Hint: Texas Medicaid recently changed its incident to rules.
A new condition to you may not be new to the patient— so does incident to billing apply? This is one tricky question that may be on your mind –but you can check out the solution to this dilemma about using non-physician practitioners (NPPs) in your practice.
One reader posed a question about the key phrase “new medical condition” in the incident-to billing guidelines. The guidelines state, “The physician should establish the care plan for the new patient to the practice or any established patient with a new medical condition. NPPs may implement the established plan of care.” But what does “new medical condition” mean?
Start with the Basics
The guideline above means that an NPP, such as a physician assistant or nurse practitioner, in your practice cannot see a patient with a new problem and bill incident to under the physician’s national provider identifier (NPI) for 100 percent payment. Incident to only applies when the NPP is seeing a patient for a problem the physician has already established a plan of care for.
Remember: If the NPP’s scope of practice and state laws allow, the NPP can see a patient for a new problem and bill under her own NPI for 85 percent reimbursement.

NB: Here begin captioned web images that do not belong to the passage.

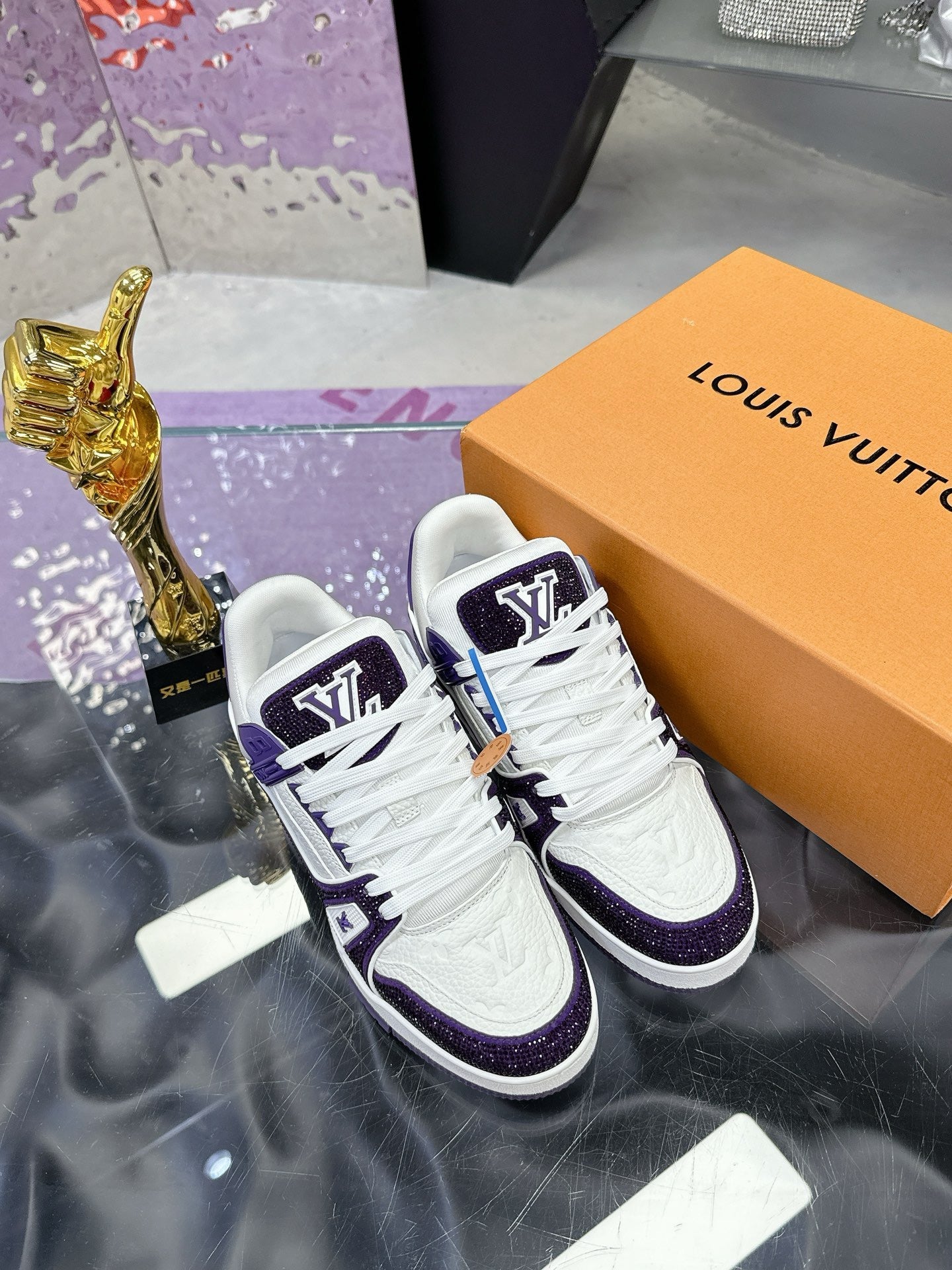 Trainer drilling shoes Purple diamond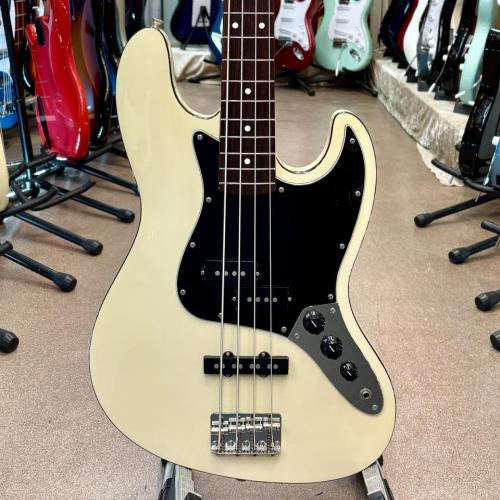 Fender Japan AJB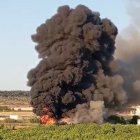 Un incendi calcina tres naus abandonades a Vilagrassa / Yamilia Castillo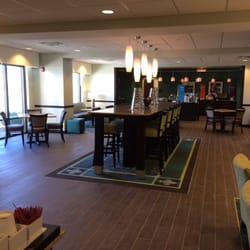 Hampton Inn Hotels Travel 2121 Pleasant Valley Rd Fairmont Photo Of Hampton Inn Fairmont Wv United States Dining Area For Breakfast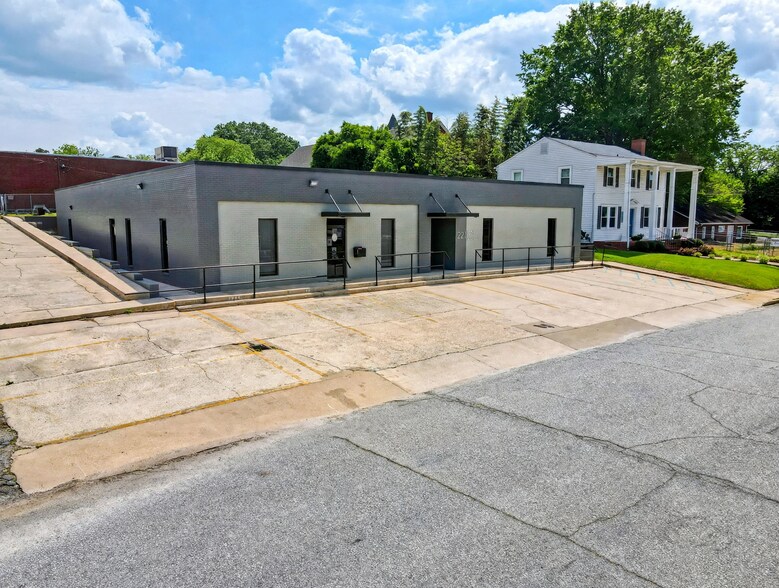 More Photos Of 221 W Laurens St, Laurens Medical For Lease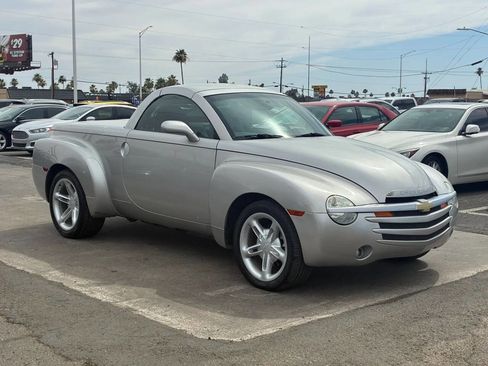 Used 2005 Chevrolet SSR w/ Preferred Equipment Group RWD image 12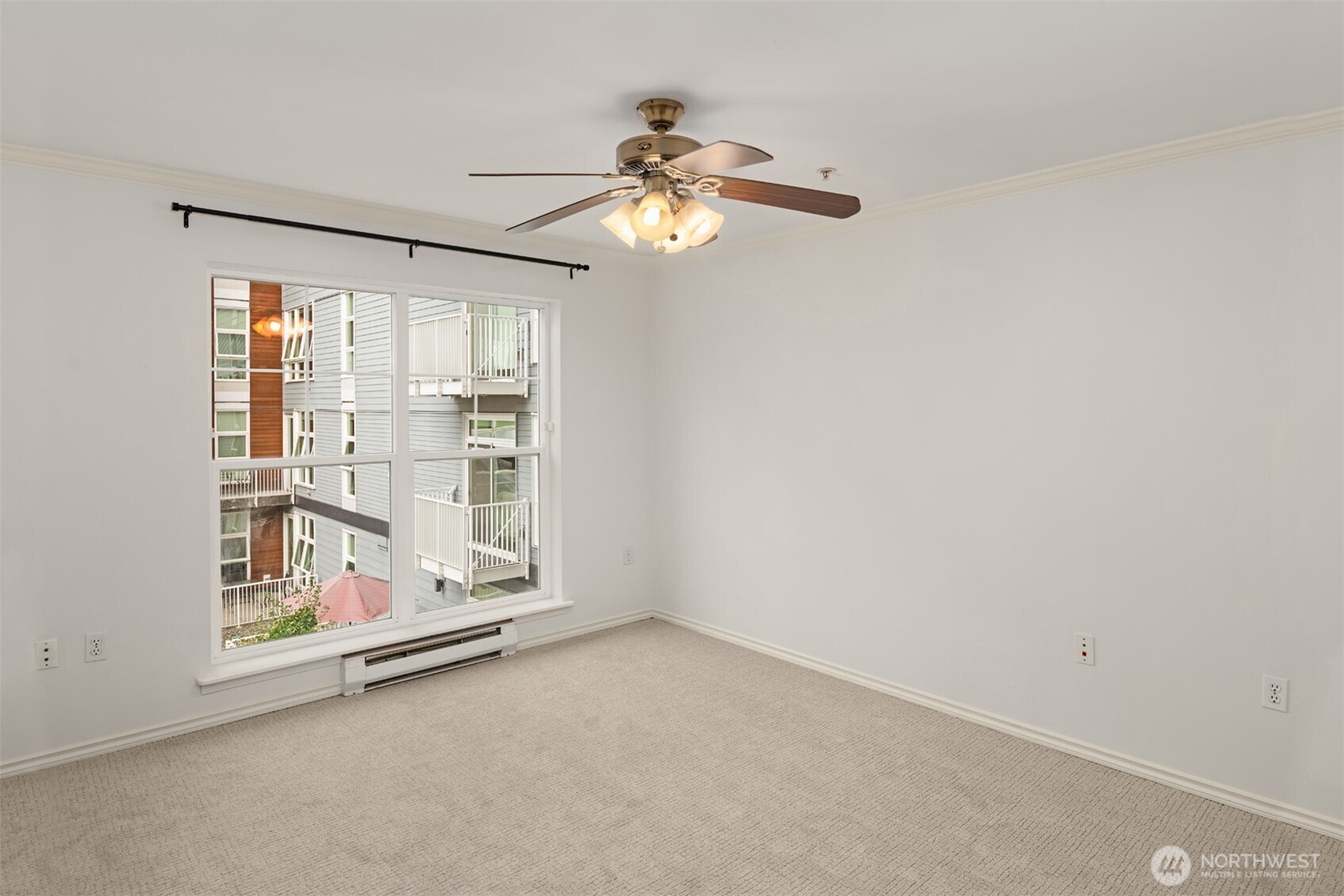 323 Queen Anne Avenue 202 Property Photo 17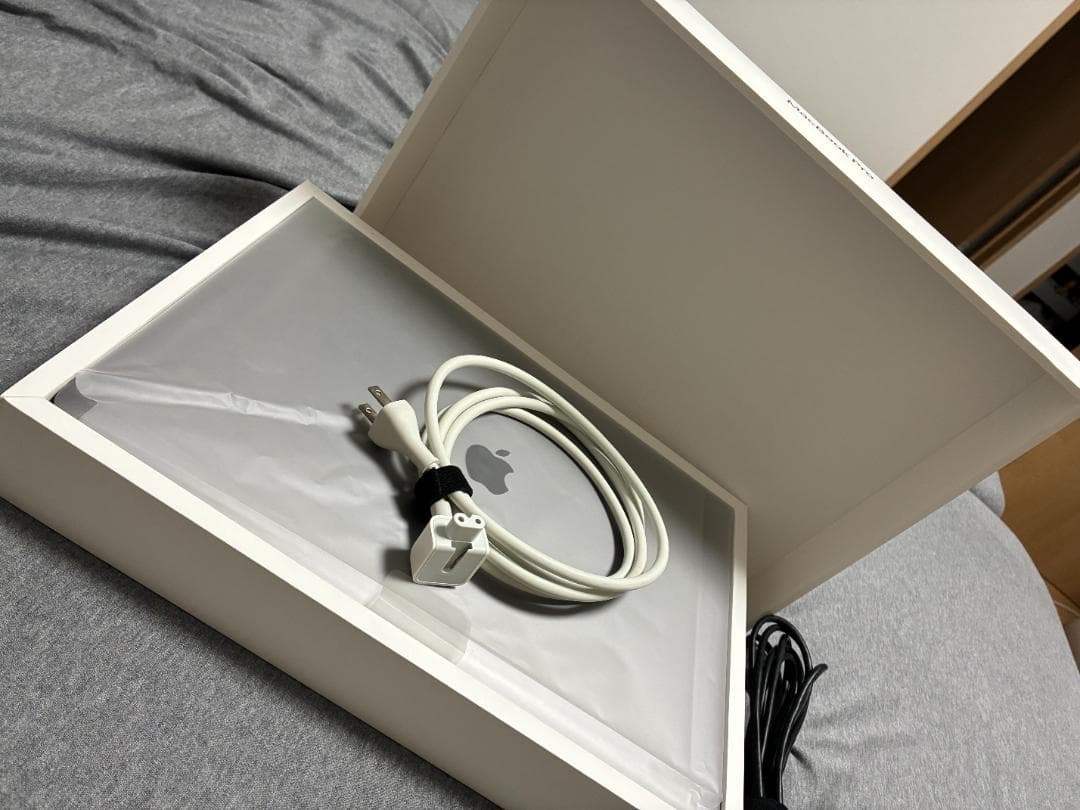 【おまけ付】MacBook Pro 16 2019 16GB 512GB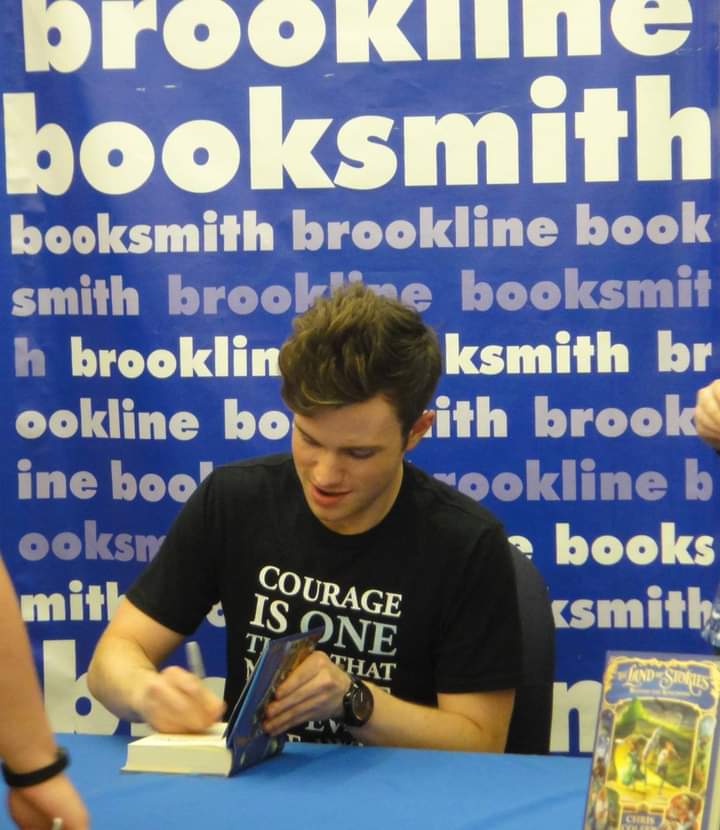 chillcolfer222's tweet photo. #TLOS4 signing ๐๐ https://t.co/pfP9cK4JiW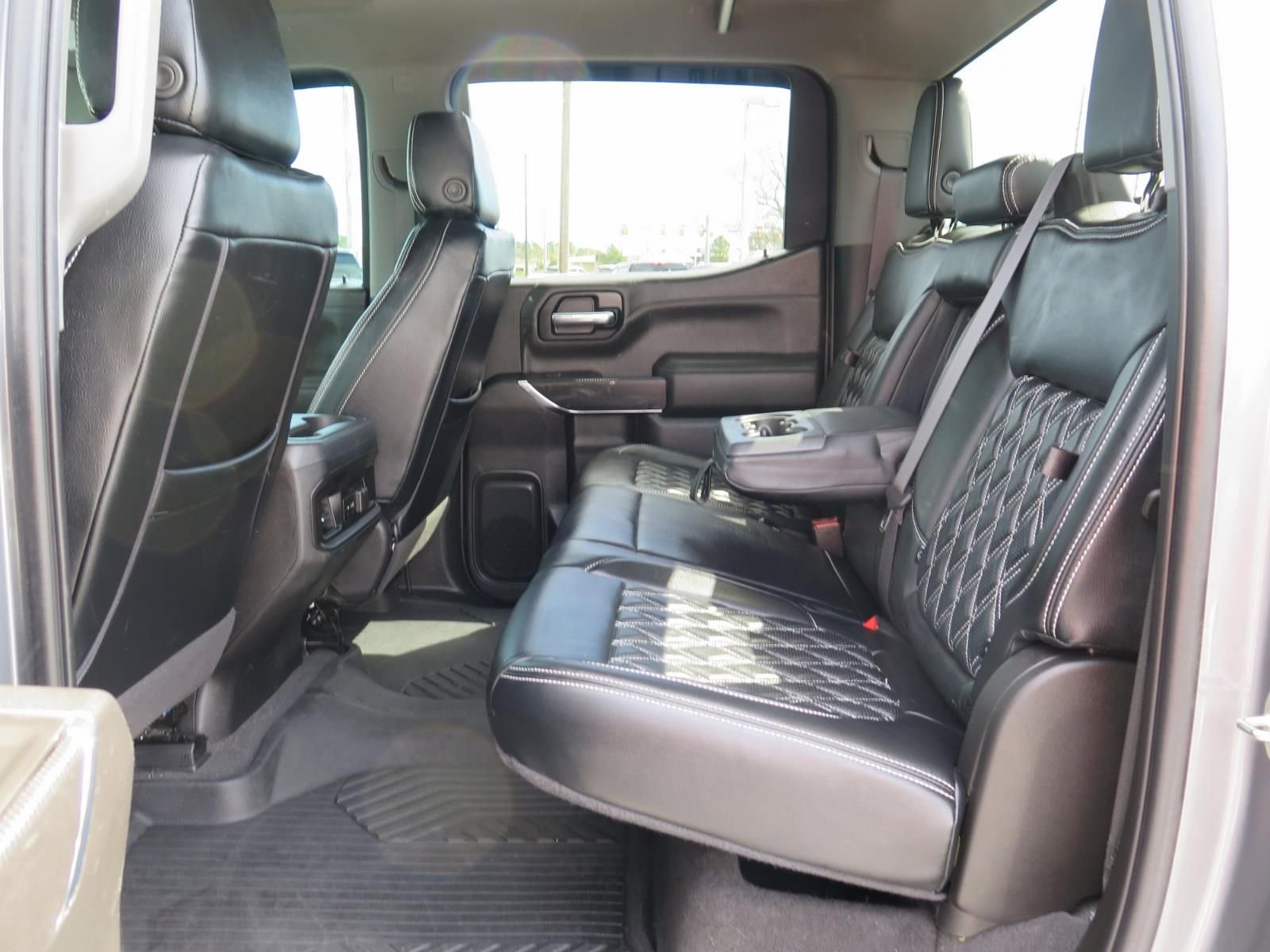 Used 2022 Chevrolet Silverado 1500 RST AWD/4WD image 16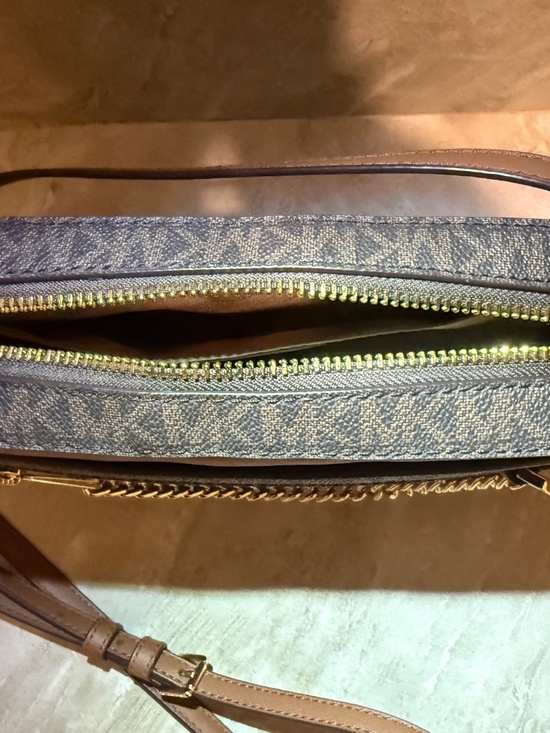 NWOT Michael Kors Jet Set Large Logo Crossbody Bag - Picture 4 of 7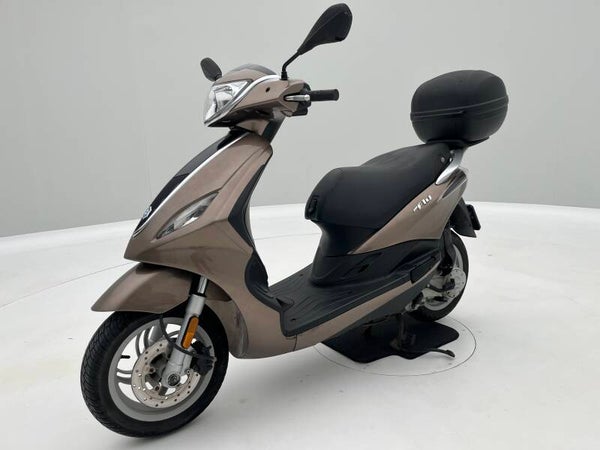 Nette Piaggio New Fly 50 met geelkenteken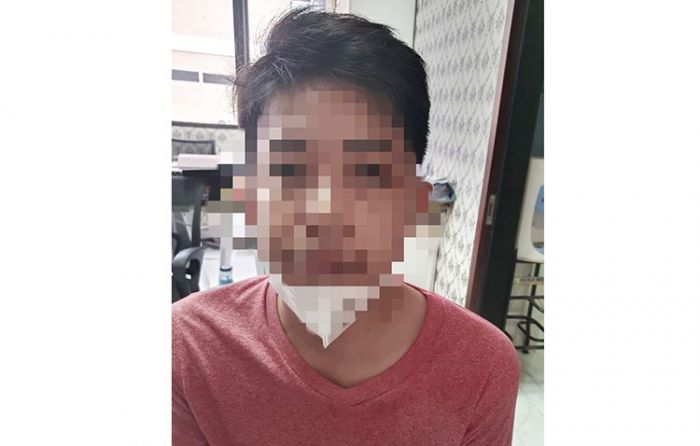 Ngaku Dokter, Pemuda Asal Gresik Tiduri Seorang Ibu Rumah Tangga di Sidoarjo dan Peras Uangnya Ngaku Dokter, Pemuda Asal Gresik Tiduri Seorang Ibu Rumah Tangga di Sidoarjo dan Peras Uangnya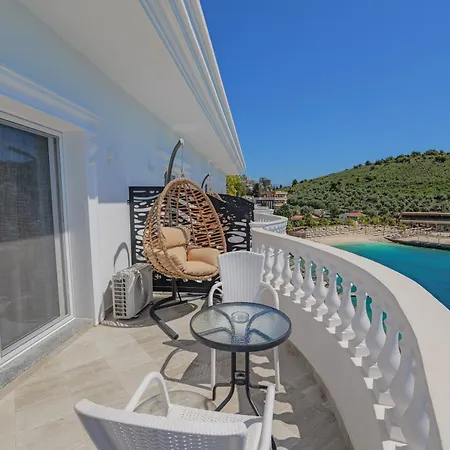 Juna - Private 4* Sarandë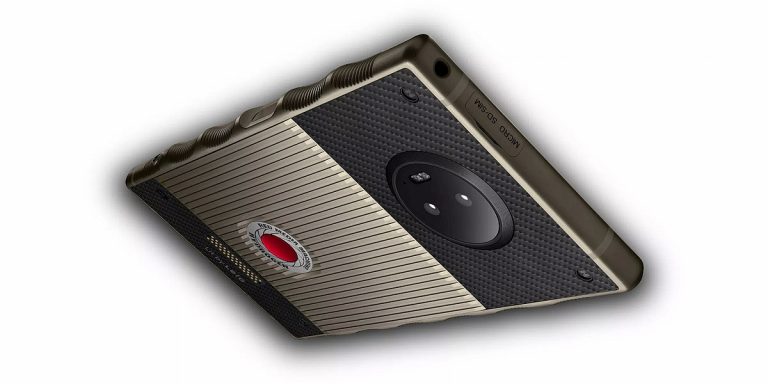 RED beidzot sāk piegādāt 1600 dolāru titāna Hydrogen One viedtālruni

For example, if a patient has diabetes and the pediatrician sees the patient about the diabetes when it is new (first diagnosed) and establishes a plan of care, the patient can then see the NPP in follow-up and the office can bill the encounter incident to the physician for 100 percent payment (assuming all other criteria for incident to billing are met). However, if the NPP sees the patient for diabetes when it is new and the pediatrician has never seen the patient for it and established a plan of care, it doesn’t meet incident-to requirements.
Some Medicaid Payers Have Their Own Rules
Although we might think of incident to rules as being enforced universally among payers, the reality is that not every insurer honors incident to, and various state Medicaid program handle incident to differently from one another.
Example: Texas Medicaid recently spelled out its incident to guidelines, which appear to be more stringent than the standard rules.
“Previously, Texas Medicaid was silent about physician supervision and involvement in care for services billed incident to, which presented practices with both flexibility and uncertainty,” says Kris Kwolek, JD, partner with Husch Blackwell LLP in Texas.
This changed significantly effective Jan. 1, when the state specified how the physician must be involved in the patient’s care to qualify for incident to billing. “The physician must make a decision regarding the patient’s care on the same date as the service rendered by an APRN or PA and the physician’s involvement and decision must be documented in the record,” Kwolek tells The Coding Institute.
If your state Medicaid program has a regulation similar to this, making it stricter than the standard guidelines, be sure that your documentation stands up to the requirements.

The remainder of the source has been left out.